Odysseus also learns to pay close attention to the instructions of the gods, or he might have to face a terrible price. When Odysseus and his crew landed at the island of Aeolus, they were given a parting gift that would have helped them greatly if they had paid heed to the warnings of Aeolus. He gave Odysseus a bag full of the bad winds that would keep them from their home of Ithaca. Odysseus and his crew were in sight of the homeland they had waited so long to see, when a band of rebel crewmen opened the bag creating a great gale that blew them back to Aeolus. When Aeolus saw this he believed that Odysseus was cursed and banished him from the island. This is not the only time Odysseus was betrayed by his men and suffered a great price. When they landed on the island of Hyperion, bad winds prevented them from leaving. Food soon became low; and when Odysseus fell asleep, the crew killed the cows of Hyperion against numerous warnings. Hyperion was infuriated to see this and has Zeus kill all of Odysseus’ in a great storm. Throughout these journeys Odysseus learns that the gods must be respected in order for any man to succeed.
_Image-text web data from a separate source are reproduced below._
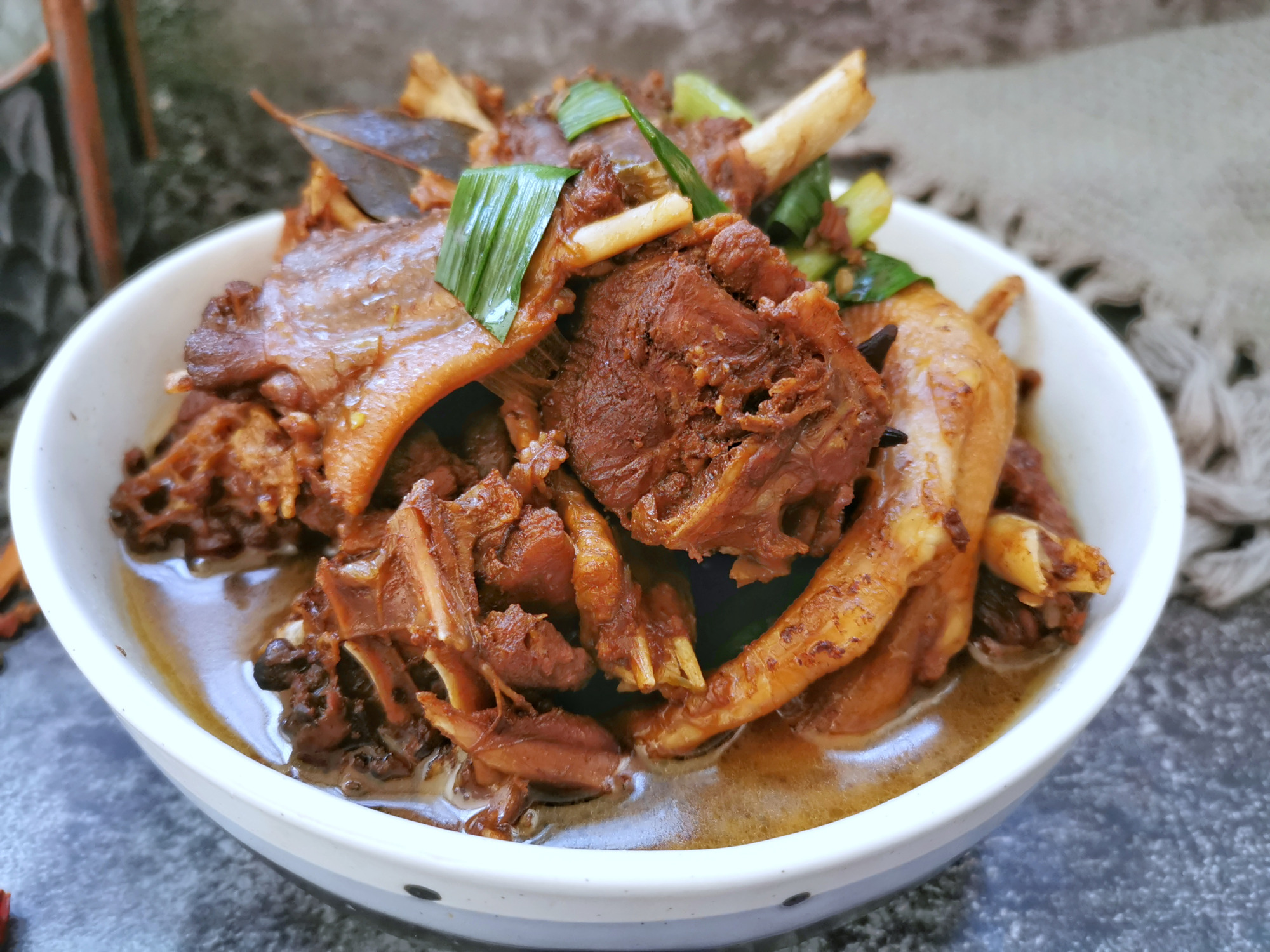 教你做红烧鹅肉,肉烂入味无腥味,好吃不油腻,做法简单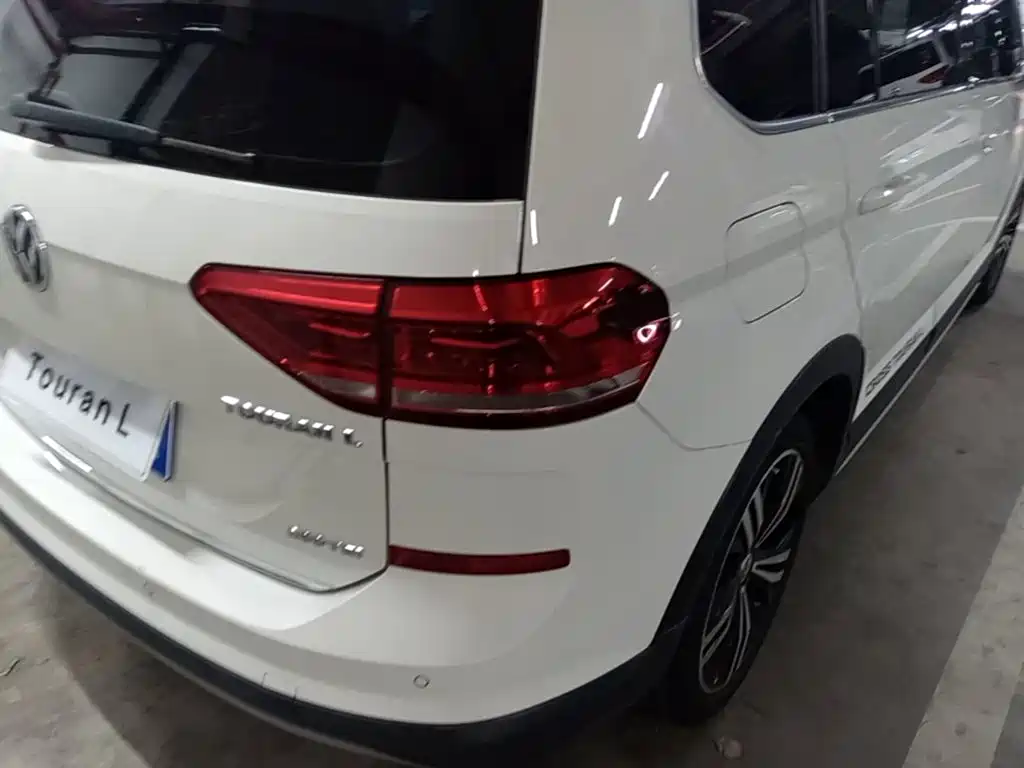 Volkswagen Touran — миниатюра 8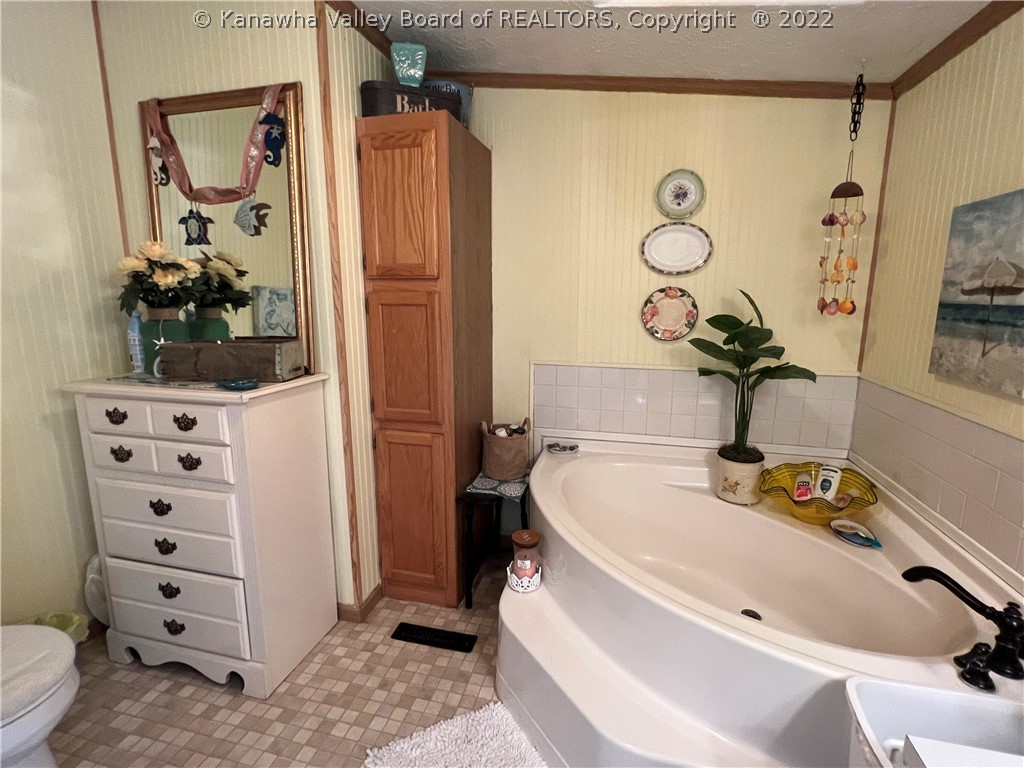 2735 Ripley Road Point Pleasant, WV 25550 - Photo 26 of 49 Gallery Image 26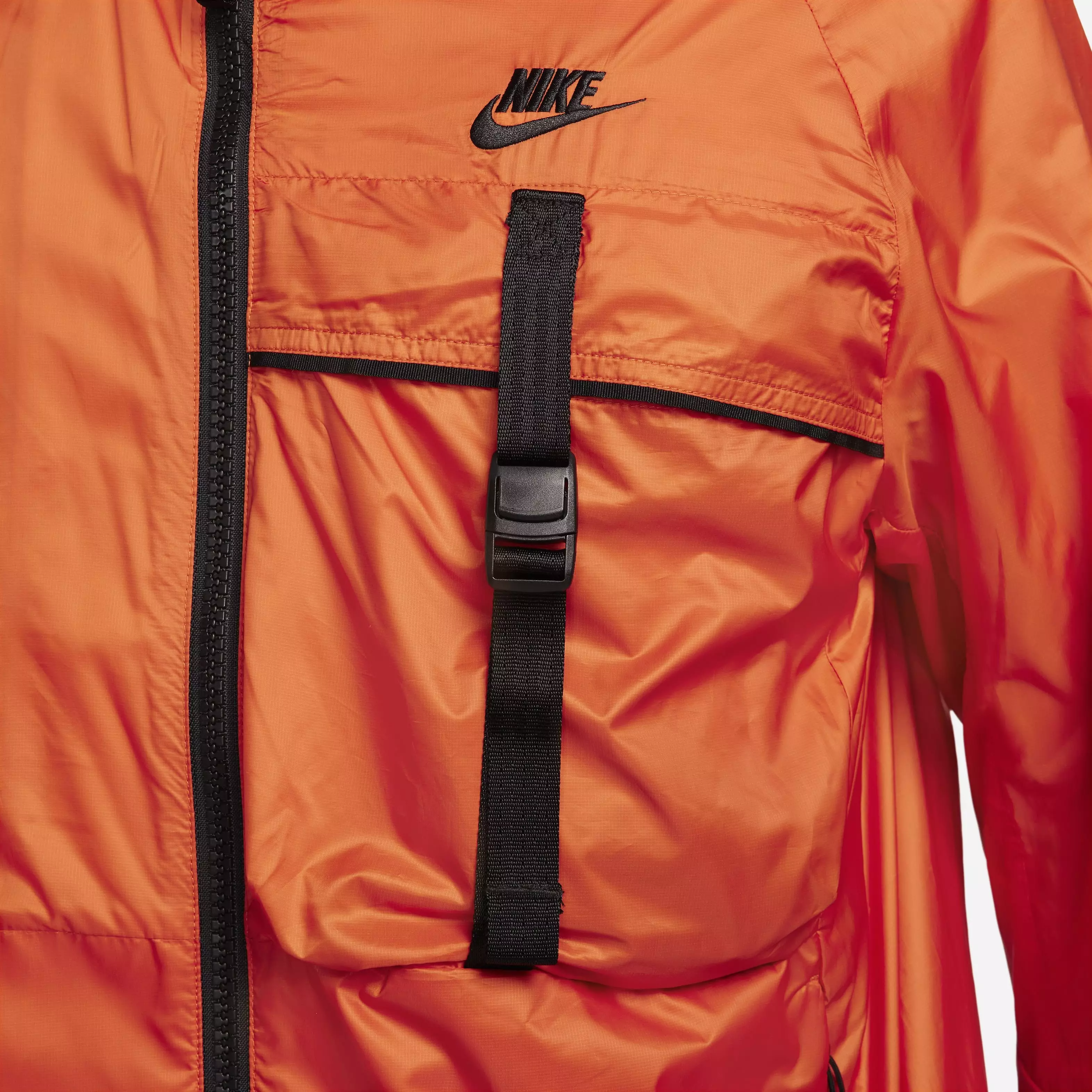 Nike Men's Sportswear Tech Woven N24 Packable Lined Jacket - ORANGE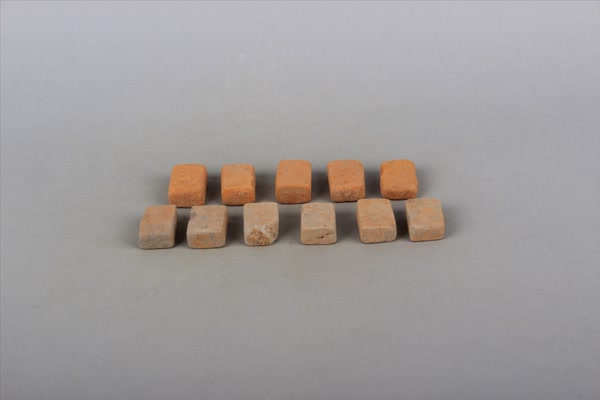 汉陶棋子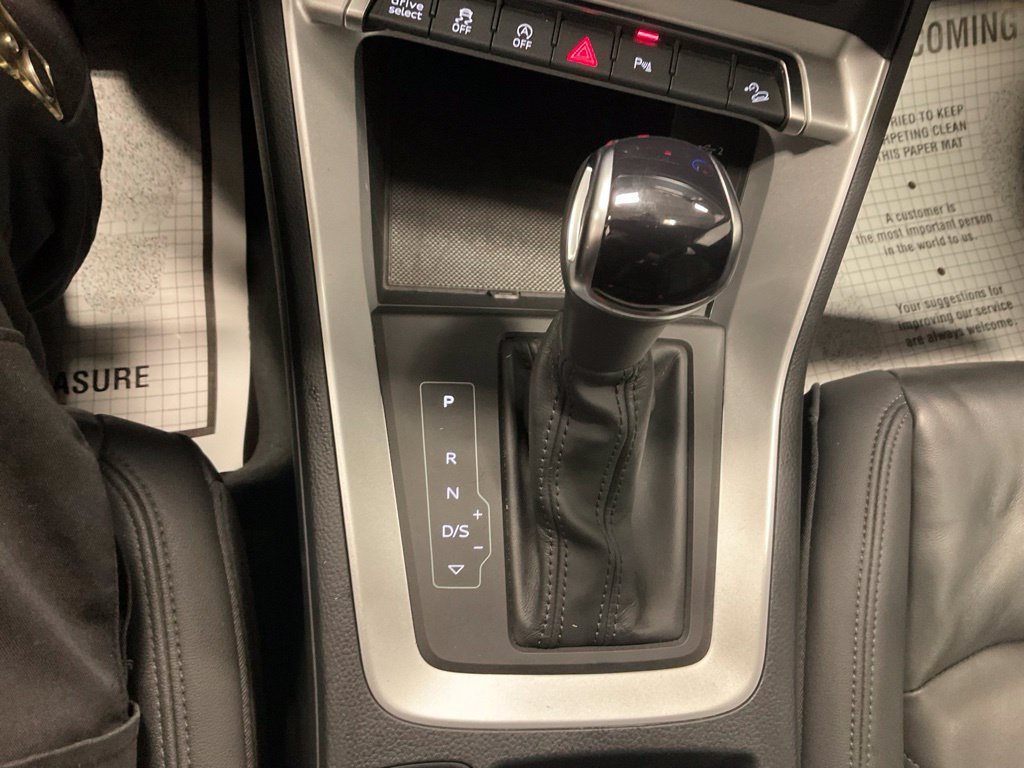 Used 2025 Audi Q3 2.0T Premium AWD/4WD image 19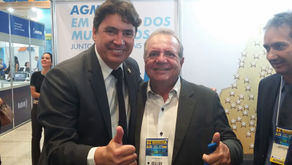 PREFEITO ODEMIR MOREIRA PARTICIPA DE XX MARCHA EM DEFESA DOS MUNICÍPIOS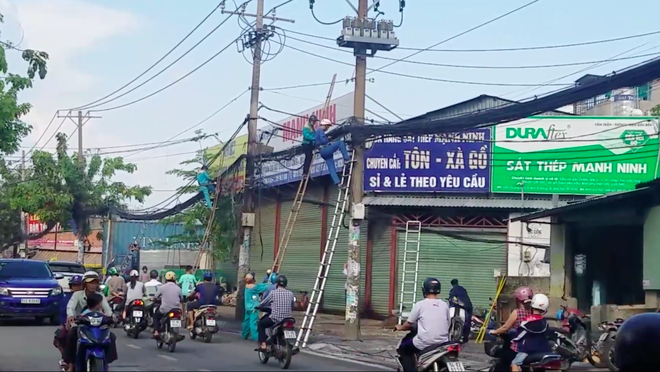 Dân hoảng sợ bỏ chạy tán loạn vì đường dây cáp viễn thông cháy phát nổ dữ dội ở Sài Gòn - Ảnh 4.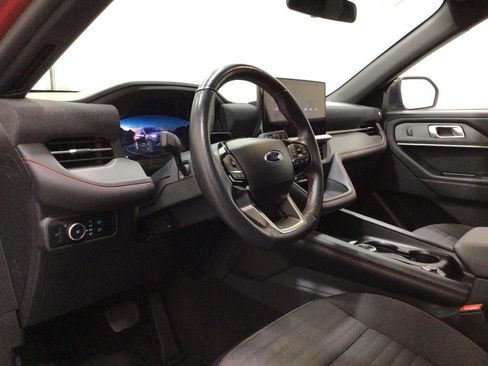 Used 2025 Ford Explorer ST-Line w/ ST-Line Street Pack AWD/4WD image 10
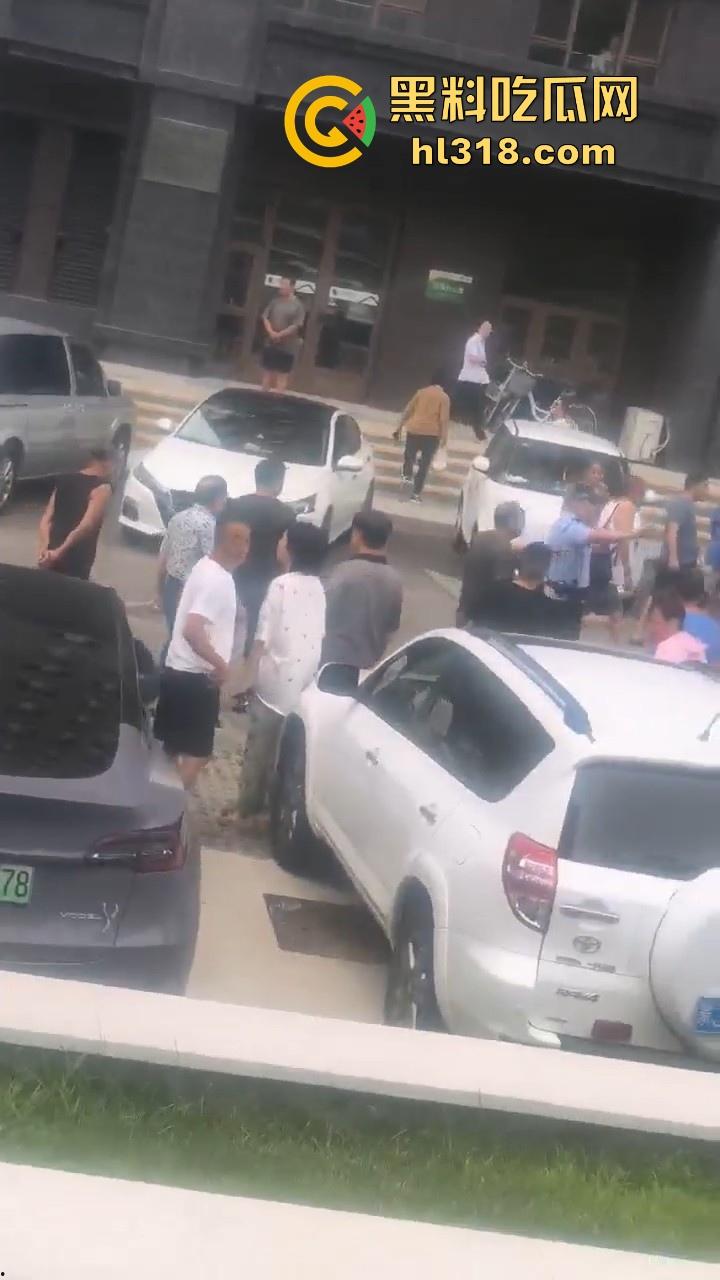 辽宁女司机大屠杀!把油门当刹车,在下班时间直接把一连把差不多5人团灭,现场哀鸿遍野!-7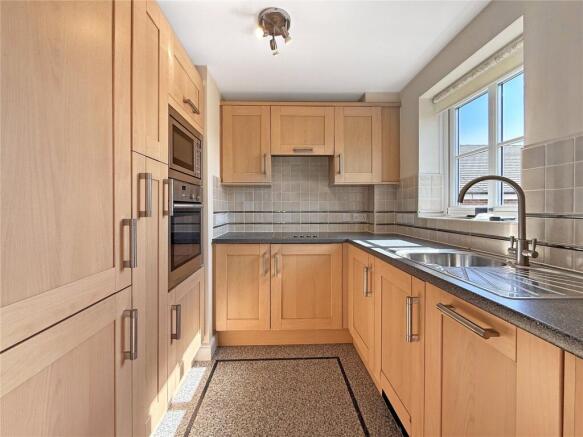 2 bed Flat for sale Image 4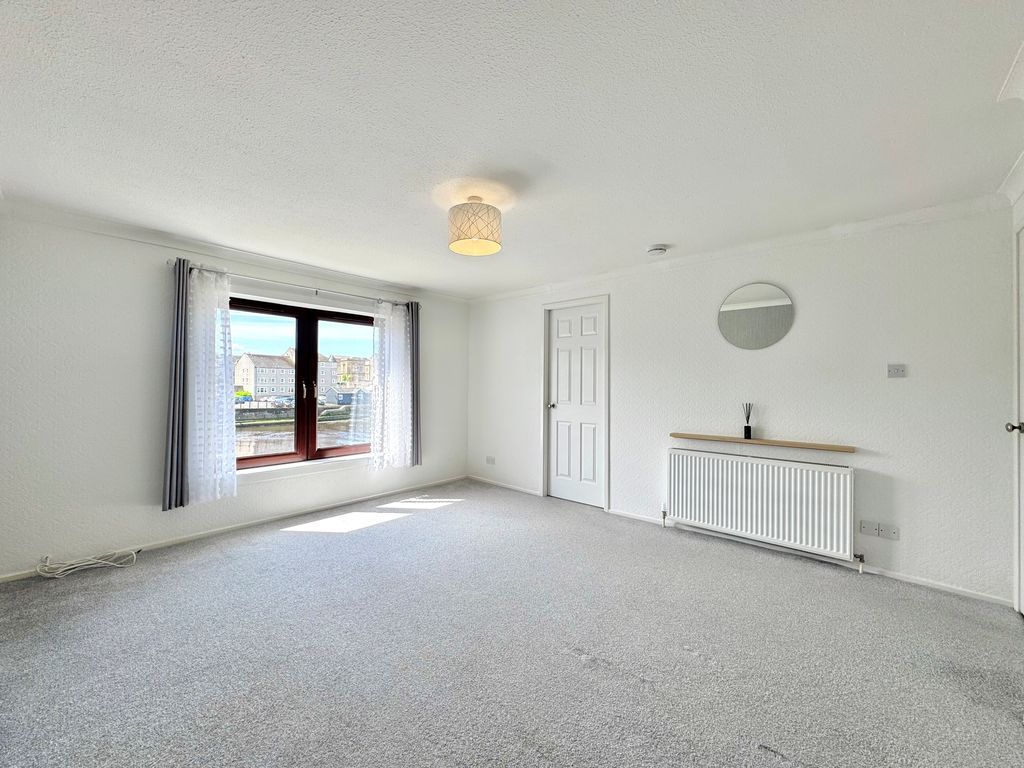 Property photo 3 of 16 Photo 9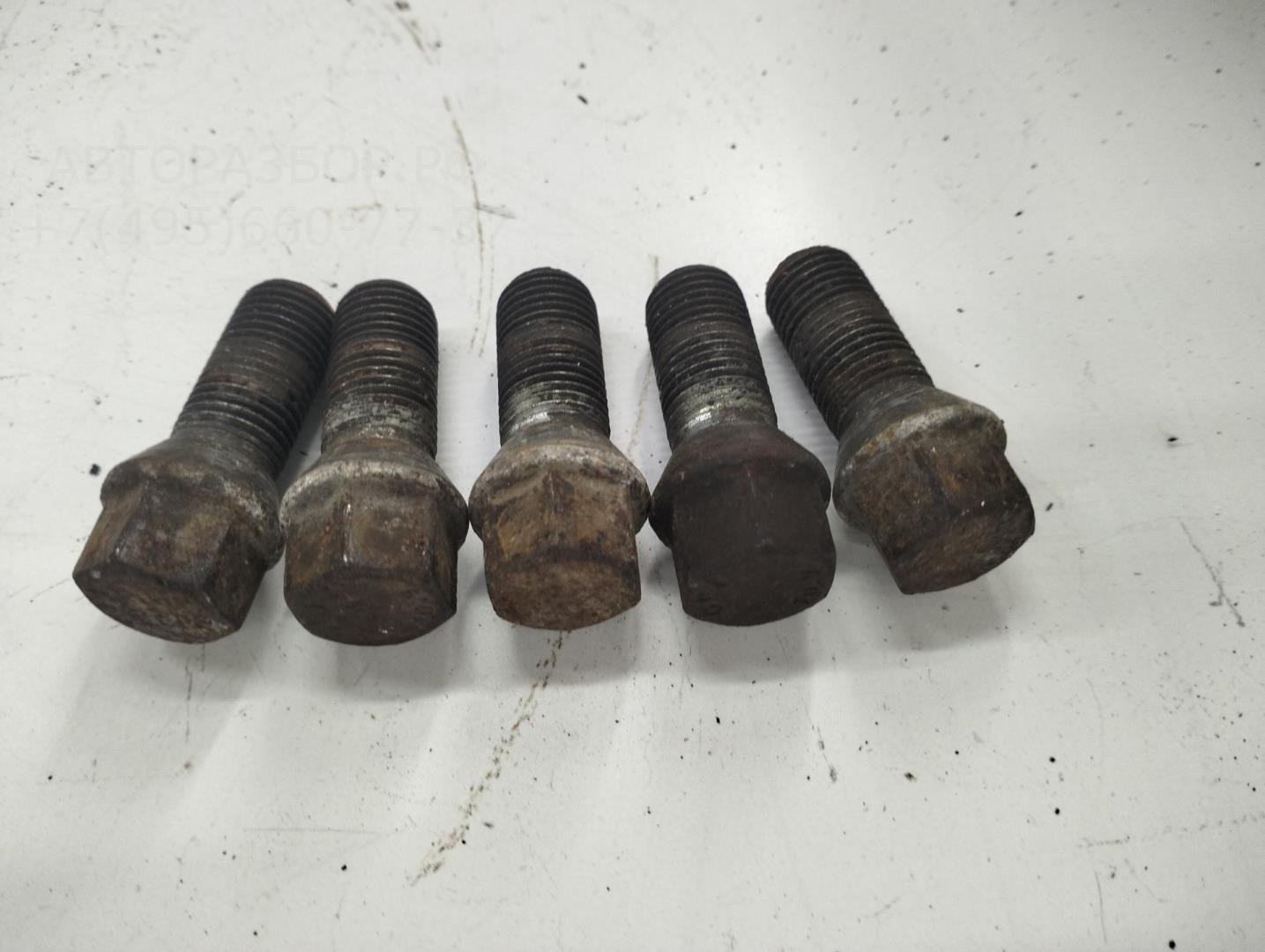 Болт колесный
During his journey Odysseus uses what he has learned from his mistakes to return home and kill the suitors. On the island of the Cicones, and with his encounter with Polyphemus, Odysseus learns that bragging can bring damaging circumstances. On Ithaca Odysseus never brags to the suitors and is able to enter his house without the suitors knowing his real identity. He takes the punishment of Antinous and the other suitors without saying a word and is able to observe those who have invaded his home. Odysseus is able to see who is loyal and who is not and take his revenge with the suitors never knowing who he was until the final moment. Odysseus also learns to respect the gods. When he landed on Aeaea, the island of Circe, he follows the instructions given to him by Hermes so that he can overcome Circe and free his men. Odysseus follows the instructions that Circe had given him very closely; entering and leaving Hades without misfortune and using wax in the ears of his crew to pass the Sirens. Odysseus becomes a better man through his journeys and is able to return to his homeland to restore his name.
Throughout his wanderings for home, Odysseus becomes a humbler and more respectful man. The once boastful man learns that his bragging can bring people against him, and is quieter than before he left for Troy. He also learns that the immortal gods of Olympus can be merciful and bring great prosperity, but they also punish those that disobey their wishes. Every time Odysseus has not been respectful he has been severely punished and his trip home delayed. Out of this great tragedy he has become a greater man to regain his kingdom and live a long life.